[Task prompt]
Using the data that follows, give again word for word the lines between the one holding "Casa em Condomínio" and the one holding "2005-2005 Saturn Vue", inclusive. Omit the pictures.

[Data in this exercise]
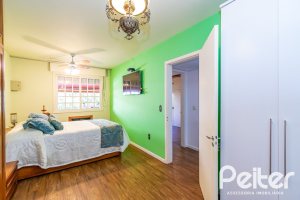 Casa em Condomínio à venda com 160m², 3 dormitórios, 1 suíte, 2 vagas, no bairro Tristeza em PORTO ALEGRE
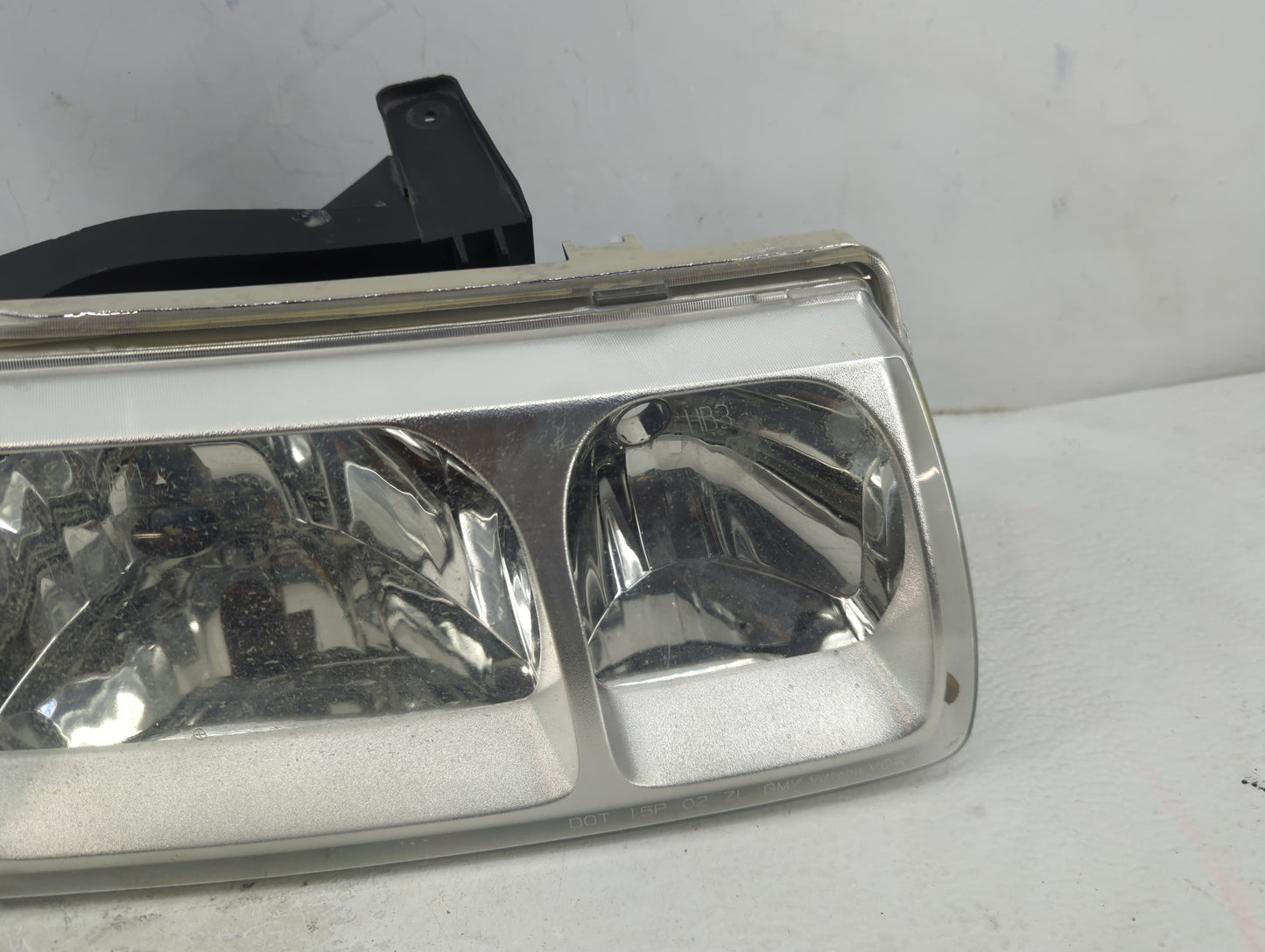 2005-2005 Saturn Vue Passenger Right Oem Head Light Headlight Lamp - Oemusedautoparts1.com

---

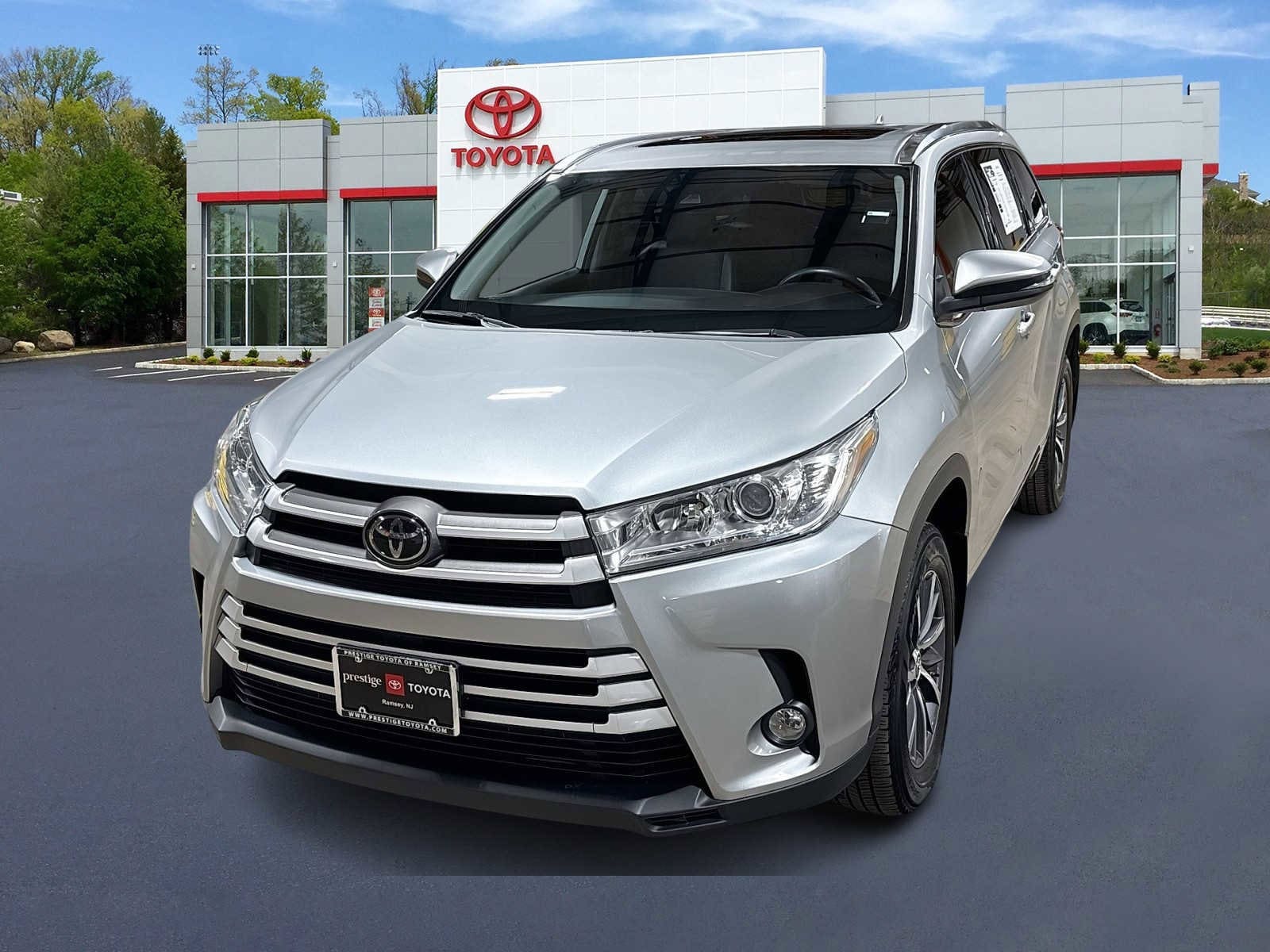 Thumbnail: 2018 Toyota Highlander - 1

[Finished exercise]
 Casa em Condomínio à venda com 160m², 3 dormitórios, 1 suíte, 2 vagas, no bairro Tristeza em PORTO ALEGRE
 2005-2005 Saturn Vue Passenger Right Oem Head Light Headlight Lamp - Oemusedautoparts1.com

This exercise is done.